Once the line holding "Change the mode" is found in the entries below, transcribe exactly every line up to and including the one holding "It hurts there", but leave out the pictures.

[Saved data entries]
= = = = = = =

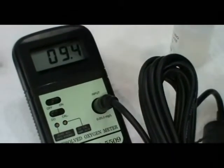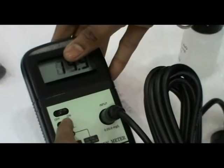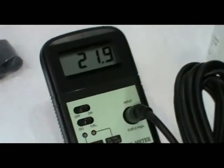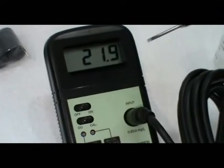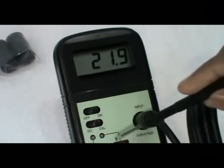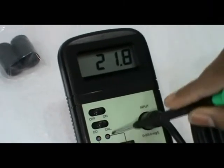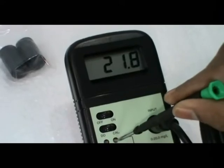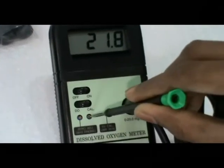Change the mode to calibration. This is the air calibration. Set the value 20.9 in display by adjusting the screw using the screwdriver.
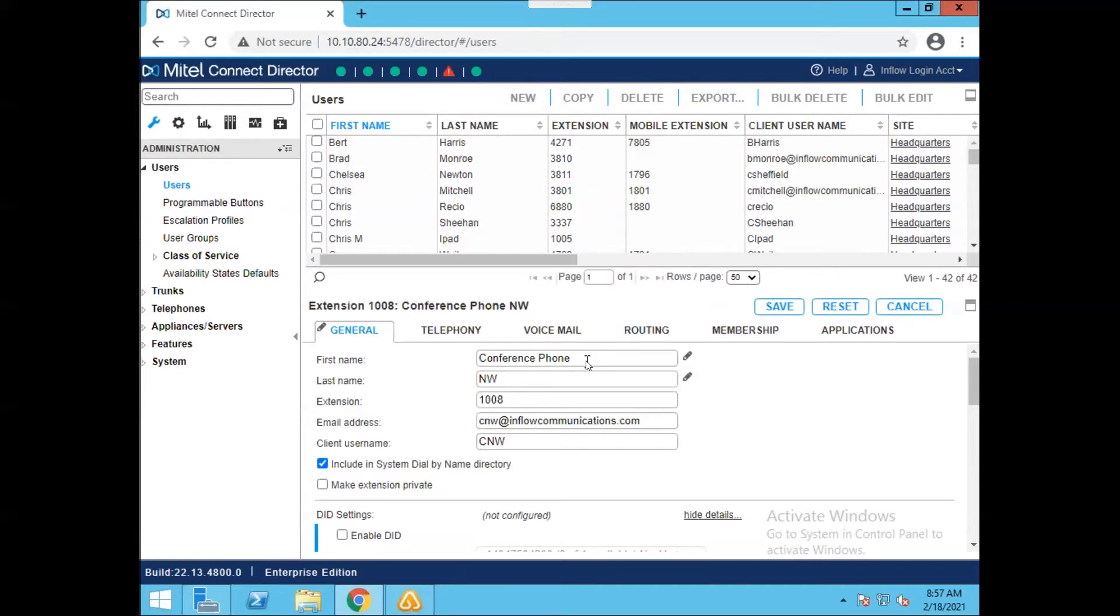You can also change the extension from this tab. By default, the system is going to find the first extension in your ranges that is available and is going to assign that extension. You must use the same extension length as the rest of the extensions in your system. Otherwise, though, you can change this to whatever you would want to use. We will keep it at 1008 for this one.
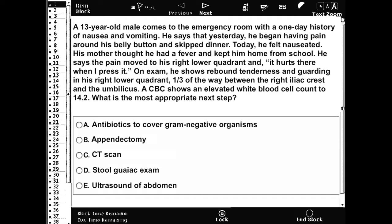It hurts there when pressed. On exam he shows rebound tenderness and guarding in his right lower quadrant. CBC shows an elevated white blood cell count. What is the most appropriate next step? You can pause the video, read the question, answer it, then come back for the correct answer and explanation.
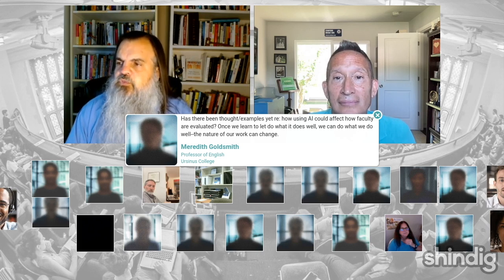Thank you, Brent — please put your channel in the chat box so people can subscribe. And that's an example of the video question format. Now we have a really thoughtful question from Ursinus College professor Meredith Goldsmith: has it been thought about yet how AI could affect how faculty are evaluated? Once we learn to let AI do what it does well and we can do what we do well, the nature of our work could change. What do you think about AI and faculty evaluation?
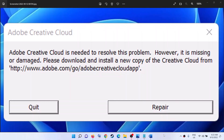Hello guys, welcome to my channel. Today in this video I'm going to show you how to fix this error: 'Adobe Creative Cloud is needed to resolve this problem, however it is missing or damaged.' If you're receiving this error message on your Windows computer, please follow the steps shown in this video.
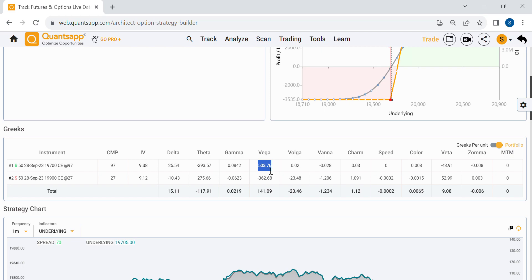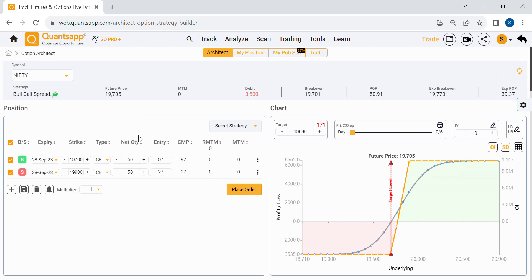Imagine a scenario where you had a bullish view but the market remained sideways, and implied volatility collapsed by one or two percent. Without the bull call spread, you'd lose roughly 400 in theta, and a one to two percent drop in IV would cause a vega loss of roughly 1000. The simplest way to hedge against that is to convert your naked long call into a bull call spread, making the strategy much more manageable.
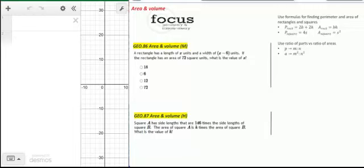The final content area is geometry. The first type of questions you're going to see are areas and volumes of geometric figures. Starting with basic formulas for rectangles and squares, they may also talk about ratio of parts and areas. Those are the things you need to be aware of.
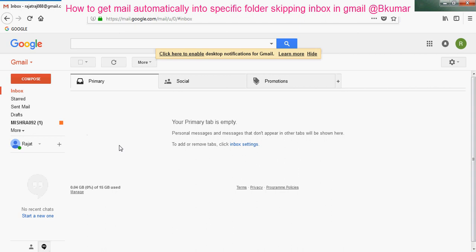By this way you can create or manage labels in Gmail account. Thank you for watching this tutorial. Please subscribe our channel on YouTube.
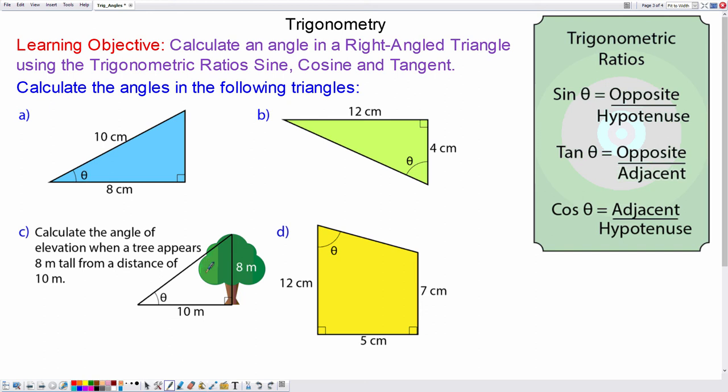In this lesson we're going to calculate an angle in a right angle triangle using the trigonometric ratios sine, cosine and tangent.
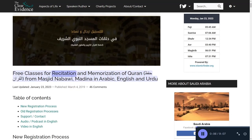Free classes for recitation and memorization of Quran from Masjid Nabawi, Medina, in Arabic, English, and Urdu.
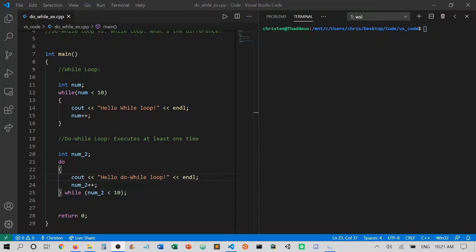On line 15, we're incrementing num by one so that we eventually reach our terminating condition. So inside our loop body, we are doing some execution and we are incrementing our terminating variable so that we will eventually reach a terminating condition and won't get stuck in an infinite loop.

= = = = = = =

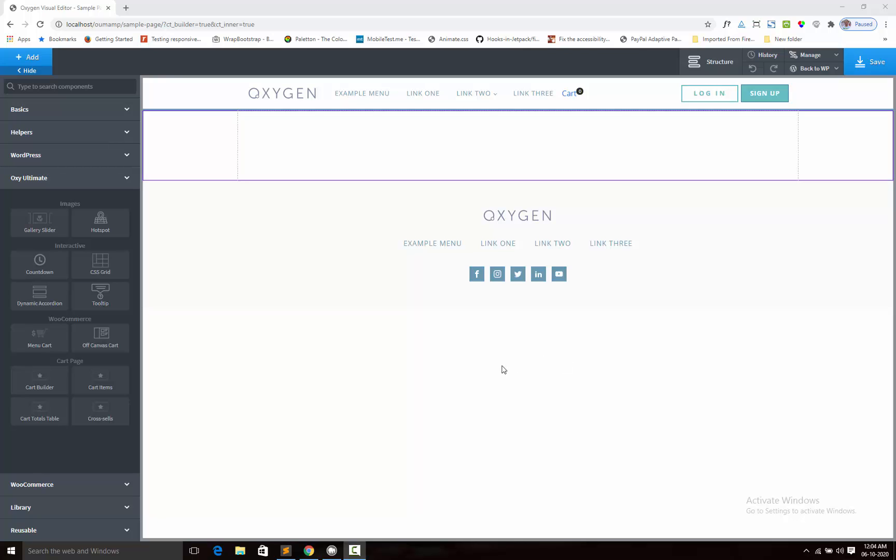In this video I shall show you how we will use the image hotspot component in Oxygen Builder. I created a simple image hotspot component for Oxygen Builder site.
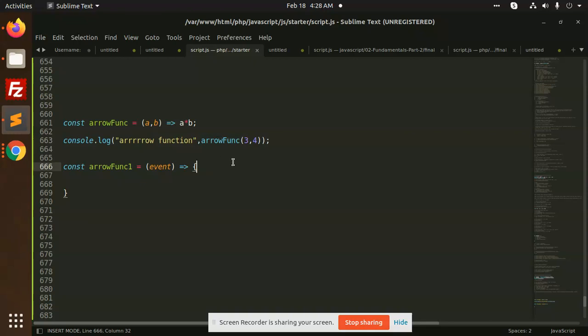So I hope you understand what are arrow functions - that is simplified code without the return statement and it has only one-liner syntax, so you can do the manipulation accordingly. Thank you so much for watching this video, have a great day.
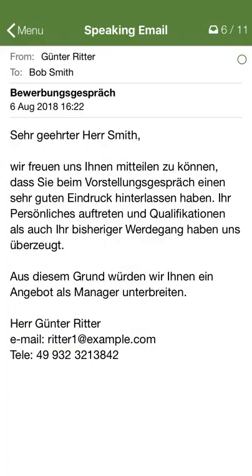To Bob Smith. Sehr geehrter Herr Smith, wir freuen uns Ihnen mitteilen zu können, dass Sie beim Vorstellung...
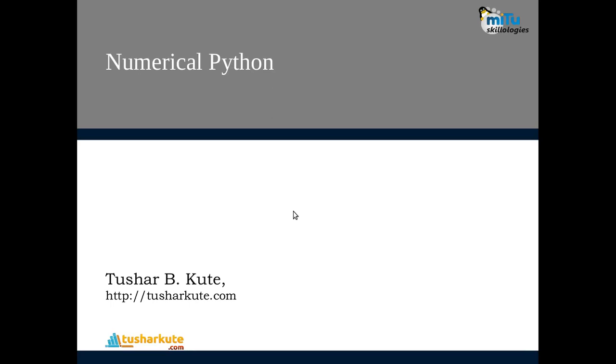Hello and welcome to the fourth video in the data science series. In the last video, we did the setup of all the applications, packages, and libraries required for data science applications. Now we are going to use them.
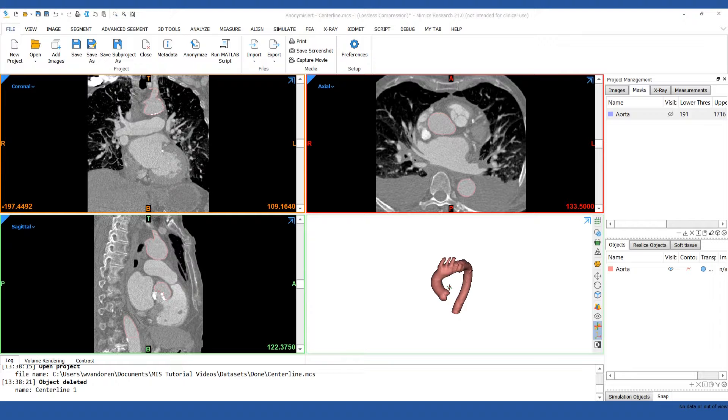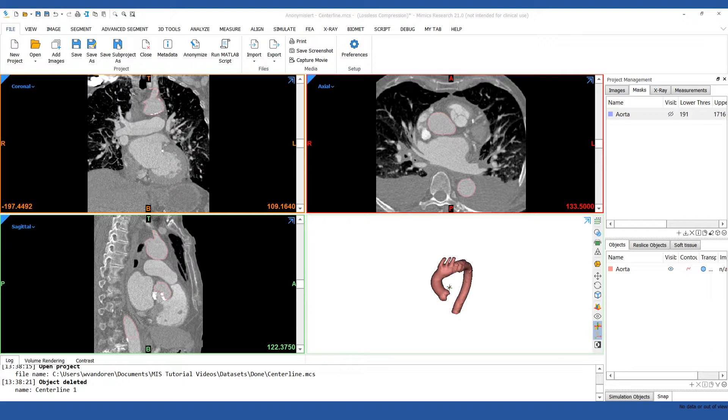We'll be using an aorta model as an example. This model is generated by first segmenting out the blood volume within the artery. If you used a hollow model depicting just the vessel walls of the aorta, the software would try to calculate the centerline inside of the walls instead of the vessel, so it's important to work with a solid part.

= = = = = = =

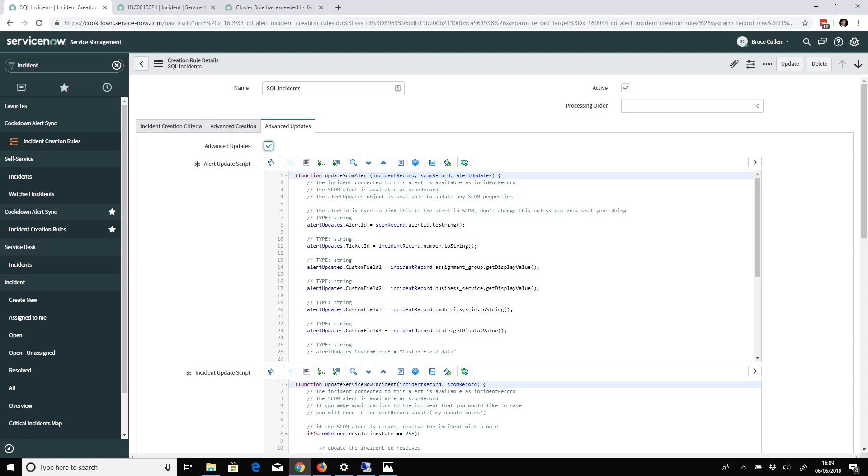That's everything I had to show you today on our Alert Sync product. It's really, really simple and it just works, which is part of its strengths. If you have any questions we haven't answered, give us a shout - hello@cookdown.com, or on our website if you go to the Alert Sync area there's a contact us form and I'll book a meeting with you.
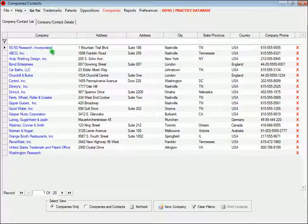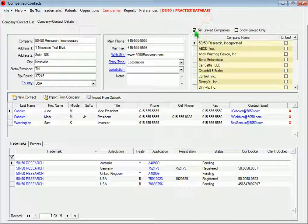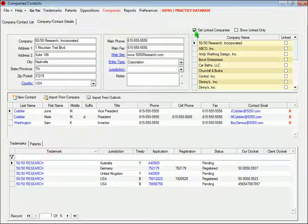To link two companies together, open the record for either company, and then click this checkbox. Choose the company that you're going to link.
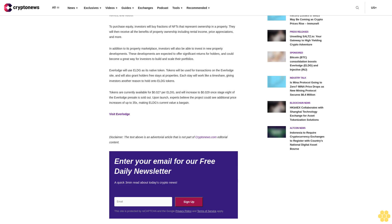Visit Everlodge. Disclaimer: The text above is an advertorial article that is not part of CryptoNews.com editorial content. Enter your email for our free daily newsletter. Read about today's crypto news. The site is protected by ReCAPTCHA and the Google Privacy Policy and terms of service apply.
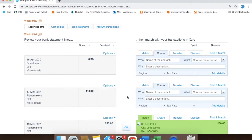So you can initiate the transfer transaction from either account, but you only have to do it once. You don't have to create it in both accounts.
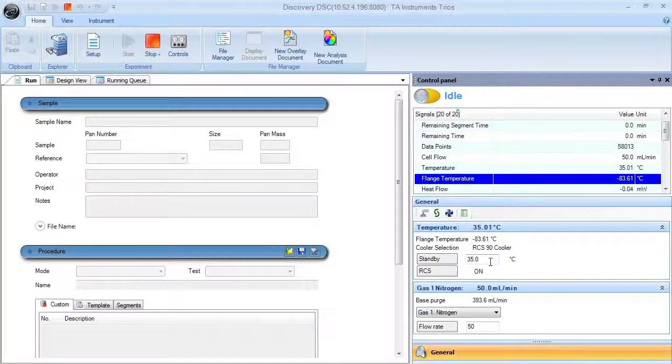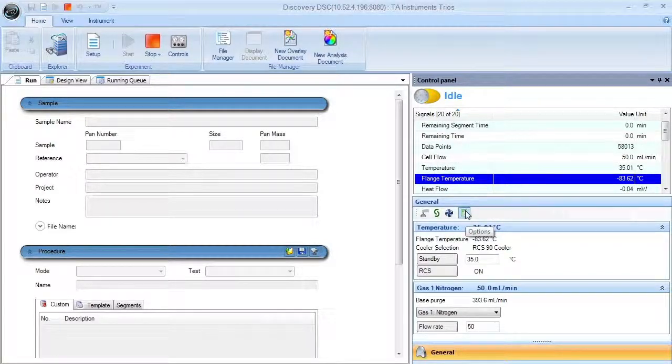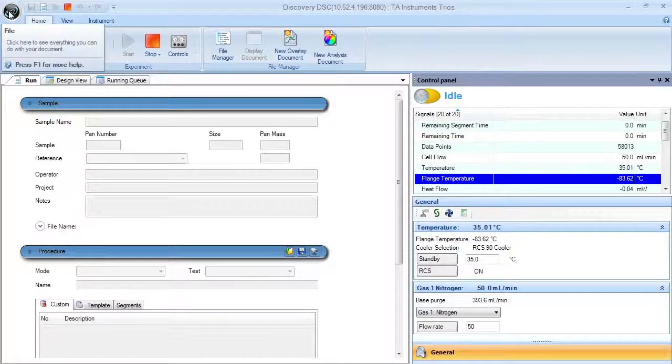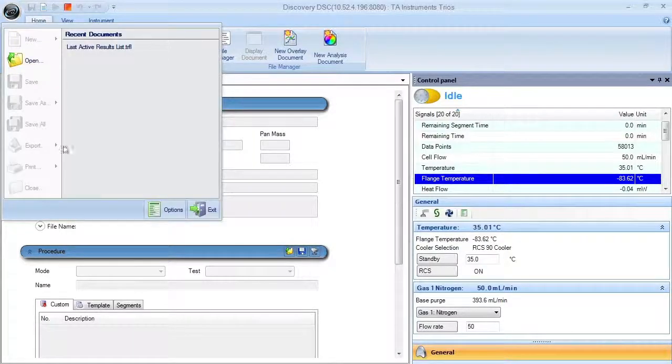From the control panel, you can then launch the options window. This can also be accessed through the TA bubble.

= = = = = = =

#### WRITTEN SOLUTION
Change the mode to calibration. This is the air calibration. Set the value 20.9 in display by adjusting the screw using the screwdriver.
You can also change the extension from this tab. By default, the system is going to find the first extension in your ranges that is available and is going to assign that extension. You must use the same extension length as the rest of the extensions in your system. Otherwise, though, you can change this to whatever you would want to use. We will keep it at 1008 for this one.
It hurts there when pressed. On exam he shows rebound tenderness and guarding in his right lower quadrant. CBC shows an elevated white blood cell count. What is the most appropriate next step? You can pause the video, read the question, answer it, then come back for the correct answer and explanation.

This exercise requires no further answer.